Description of the task
Your job is to copy the lines from the material that include "heart".

Supplied data
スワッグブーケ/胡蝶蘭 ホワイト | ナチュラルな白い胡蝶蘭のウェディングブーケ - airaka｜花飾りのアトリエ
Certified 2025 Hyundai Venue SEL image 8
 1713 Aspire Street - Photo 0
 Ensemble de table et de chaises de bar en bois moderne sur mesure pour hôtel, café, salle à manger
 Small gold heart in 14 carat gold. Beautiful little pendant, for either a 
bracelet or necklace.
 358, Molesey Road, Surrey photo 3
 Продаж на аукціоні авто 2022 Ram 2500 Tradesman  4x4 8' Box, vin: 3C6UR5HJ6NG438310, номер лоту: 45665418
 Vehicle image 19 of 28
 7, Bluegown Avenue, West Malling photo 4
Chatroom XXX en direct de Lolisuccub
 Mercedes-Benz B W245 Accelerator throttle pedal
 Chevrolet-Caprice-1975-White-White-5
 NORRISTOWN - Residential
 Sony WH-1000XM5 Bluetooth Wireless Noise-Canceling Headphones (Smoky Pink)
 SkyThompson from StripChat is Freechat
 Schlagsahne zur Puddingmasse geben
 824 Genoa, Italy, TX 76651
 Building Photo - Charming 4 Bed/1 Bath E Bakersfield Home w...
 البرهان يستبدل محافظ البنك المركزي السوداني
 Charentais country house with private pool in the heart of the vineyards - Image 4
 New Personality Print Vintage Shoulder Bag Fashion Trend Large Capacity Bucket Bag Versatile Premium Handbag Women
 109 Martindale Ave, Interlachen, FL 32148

Response to this task
 Small gold heart in 14 carat gold. Beautiful little pendant, for either a 
 Charentais country house with private pool in the heart of the vineyards - Image 4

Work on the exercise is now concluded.